▶ _BRIEF_
Take the entries that follow and return exactly the lines from the one holding "April 15: The" through the one holding "Alufelgi 17'' Bmw X1 F48 5x112 6,5j Et39", both included. Nothing else is needed.

▶ _RECORDS PROVIDED_
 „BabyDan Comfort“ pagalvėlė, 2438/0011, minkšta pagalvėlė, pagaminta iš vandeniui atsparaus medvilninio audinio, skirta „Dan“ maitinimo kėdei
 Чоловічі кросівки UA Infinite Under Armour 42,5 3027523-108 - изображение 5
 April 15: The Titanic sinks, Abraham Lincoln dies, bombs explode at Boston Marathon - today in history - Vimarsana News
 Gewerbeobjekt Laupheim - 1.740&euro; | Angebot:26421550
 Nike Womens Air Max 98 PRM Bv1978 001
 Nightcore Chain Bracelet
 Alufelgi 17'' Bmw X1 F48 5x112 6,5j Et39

==

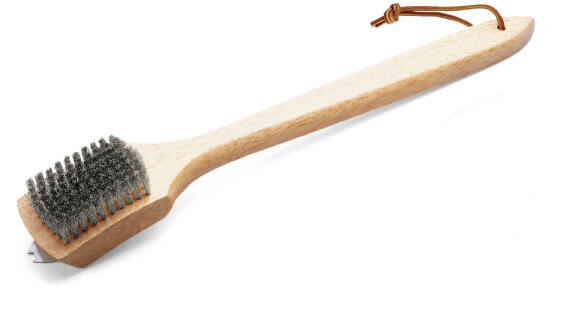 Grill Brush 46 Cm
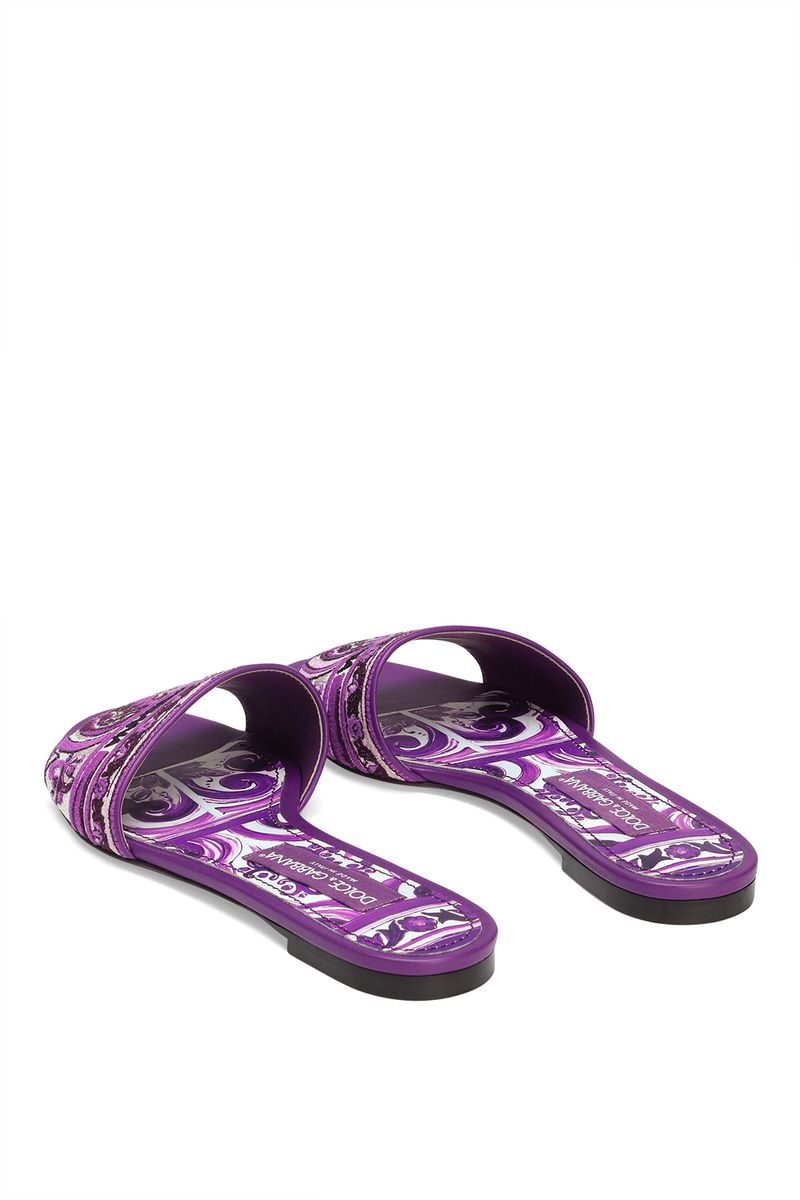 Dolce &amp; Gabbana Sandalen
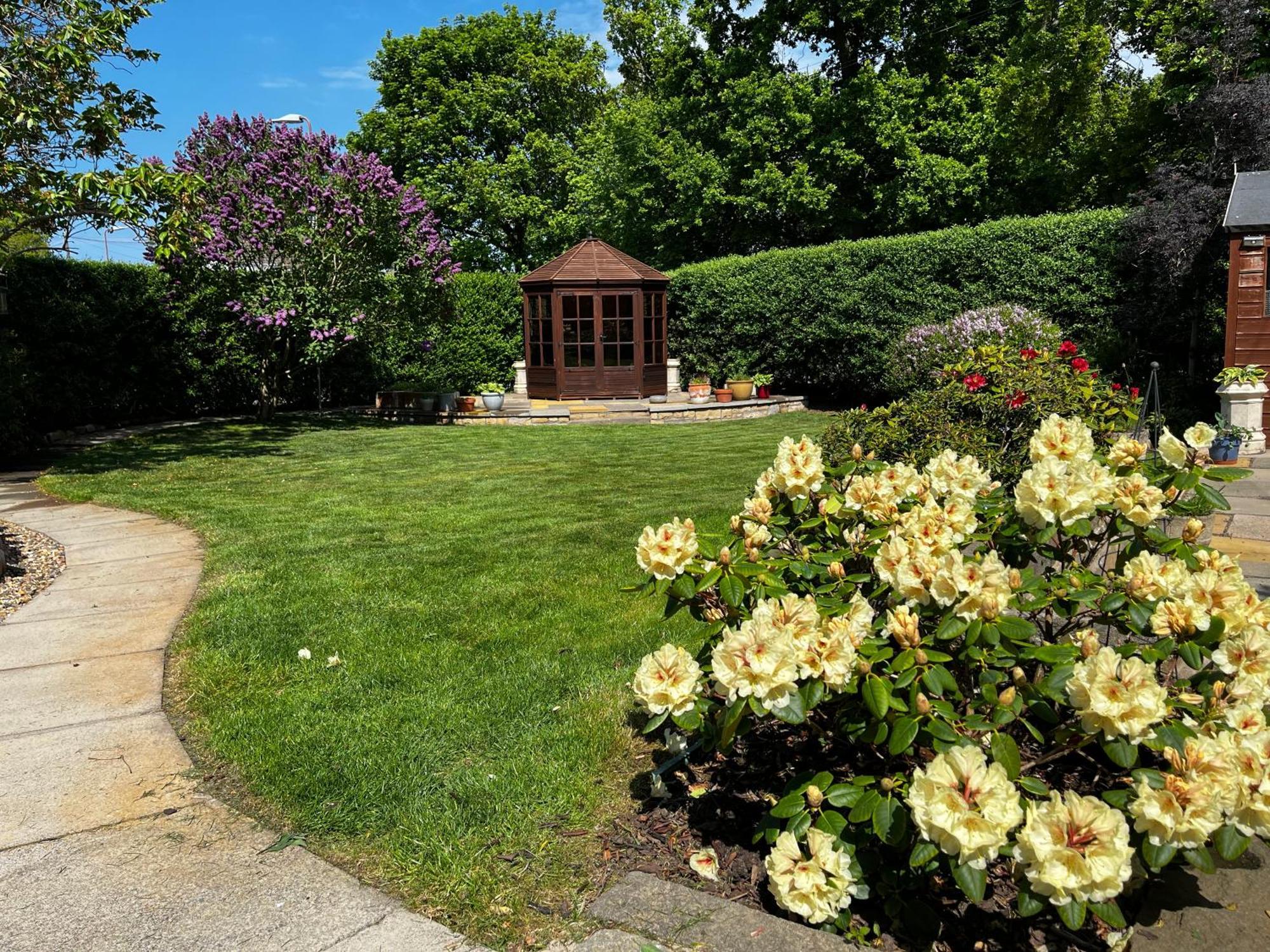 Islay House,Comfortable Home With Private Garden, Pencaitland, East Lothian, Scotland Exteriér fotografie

▶ _YOUR RESPONSE_
 April 15: The Titanic sinks, Abraham Lincoln dies, bombs explode at Boston Marathon - today in history - Vimarsana News
 Gewerbeobjekt Laupheim - 1.740&euro; | Angebot:26421550
 Nike Womens Air Max 98 PRM Bv1978 001
 Nightcore Chain Bracelet
 Alufelgi 17'' Bmw X1 F48 5x112 6,5j Et39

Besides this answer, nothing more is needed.